For a long time, APIs in PLM systems lived in an awkward place. They existed, protected by software vendors to make data extraction difficult and to support vendor data lock-in business strategies. As a result, these APIs sometimes worked, but often were not documented well and required significant efforts by service integrators with special knowledge to make them work and to figure things out. APIs were rarely treated as a first-class product surface. The real product was the user experience. APIs were something “technical teams” dealt with on the side used for implementation, customization and other special processes.
In 2025, that assumption no longer holds.
Today, APIs are not just integration tools. They are how platforms grow, how ecosystems form, and increasingly, how software is built. And with the rise of AI-assisted and agent-based development, APIs are no longer used only by humans. They are consumed by machines that design workflows, generate interfaces, and assemble solutions automatically.
This shift is one of the reasons why OpenBOM is enhancing its developer support by publishing OpenBOM Public REST API documentation in Swagger / OpenAPI format. While this may look like a documentation update on the surface, it is really a strategic move that reflects how we see the future of PLM platforms, integrations, and AI-driven customization unfolding.
APIs Have Become the Real Product Surface
In traditional PLM thinking, value was concentrated in predefined workflows, screens, and lifecycle processes. Customization meant configuration, scripting, or consulting projects. APIs existed to “connect” systems, but they were not how most people experienced the platform.
That model is breaking down.
Modern manufacturing organizations rely on a growing network of tools: CAD systems, ERP, procurement platforms, analytics tools, supplier portals, internal dashboards, and increasingly, AI-driven assistants. No single UI can cover all of these needs. What matters instead is whether the platform can reliably expose its data and behavior so that others can build what they need around it.
In this world, the API is the product surface. It defines what can be built, how safely it can be built, and how far the platform can extend beyond its original use cases. A strong API enables experimentation, iteration, and adaptation. A weak or ambiguous API quietly limits everything else.
This shift alone would already justify investing in better API documentation. But something else has changed as well.
AI Has Changed How Software Is Built
AI has not just made developers faster. It has started to change the structure of software creation itself.
AI copilots can generate code snippets. Integration tools can scaffold entire connectors. Agent-based systems can observe goals, inspect available APIs, and assemble workflows without being explicitly programmed step by step. In many cases, these systems are not just assisting developers — they are becoming builders in their own right.
However, AI agents do not work the way humans do.
They do not read blog posts. They do not infer behavior from partial examples. They cannot guess undocumented parameters or rely on tribal knowledge.
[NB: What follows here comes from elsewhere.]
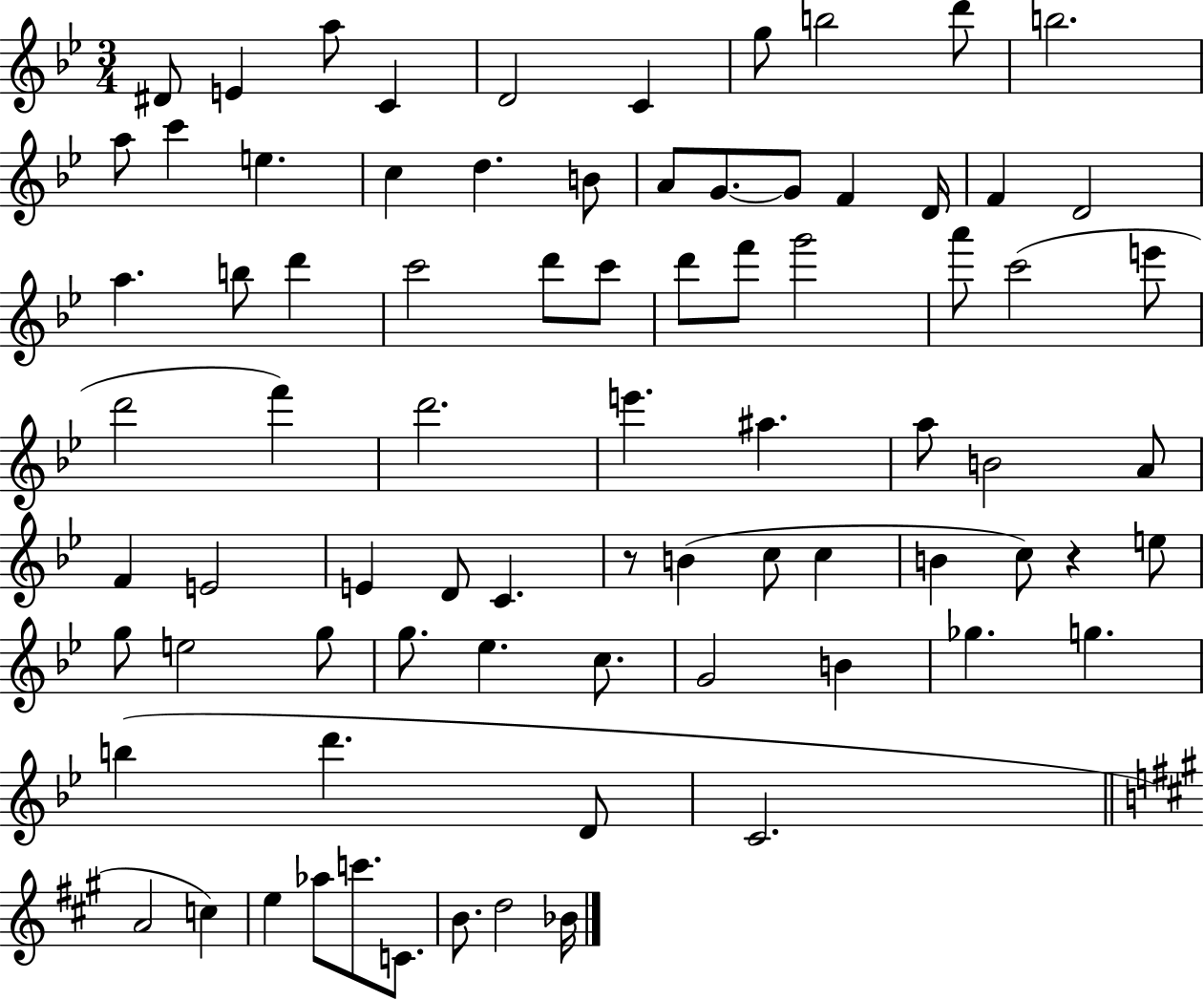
D#4/e E4/q A5/e C4/q D4/h C4/q G5/e B5/h D6/e B5/h. A5/e C6/q E5/q. C5/q D5/q. B4/e A4/e G4/e. G4/e F4/q D4/s F4/q D4/h A5/q. B5/e D6/q C6/h D6/e C6/e D6/e F6/e G6/h A6/e C6/h E6/e D6/h F6/q D6/h. E6/q. A#5/q. A5/e B4/h A4/e F4/q E4/h E4/q D4/e C4/q. R/e B4/q C5/e C5/q B4/q C5/e R/q E5/e G5/e E5/h G5/e G5/e. Eb5/q. C5/e. G4/h B4/q Gb5/q. G5/q. B5/q D6/q. D4/e C4/h. A4/h C5/q E5/q Ab5/e C6/e. C4/e. B4/e. D5/h Bb4/s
What they need is a clear, explicit, machine-readable contract that describes what an API does, how it behaves, and how it should be used safely.
This is where traditional, human-oriented documentation starts to fail. A PDF or wiki page may be enough for an experienced engineer, but it is invisible to automated tools. Without a formal API definition, AI-generated integrations become brittle, unreliable, or impossible.
As AI-assisted development becomes more common, the quality and structure of API definitions move from “nice to have” to “non-negotiable.”
Why OpenAPI / Swagger Is a Strategic Move for OpenBOM
This is the context in which OpenBOM is introducing official API documentation in Swagger / OpenAPI format.
At a practical level, OpenAPI provides a structured, authoritative description of the OpenBOM REST API. It defines endpoints, parameters, request and response models, and expected behavior in a single, consistent format. Developers can explore the API interactively, test calls directly, and understand exactly what the platform supports without guesswork.

But the real significance goes beyond convenience.
OpenAPI acts as a formal contract between the OpenBOM platform and the software built around it. It turns the API from an informal interface into a clearly defined surface that both humans and machines can reason about. For developers, this reduces onboarding time and increases confidence. For AI tools, it provides the foundation required to generate integrations, interfaces, and workflows automatically.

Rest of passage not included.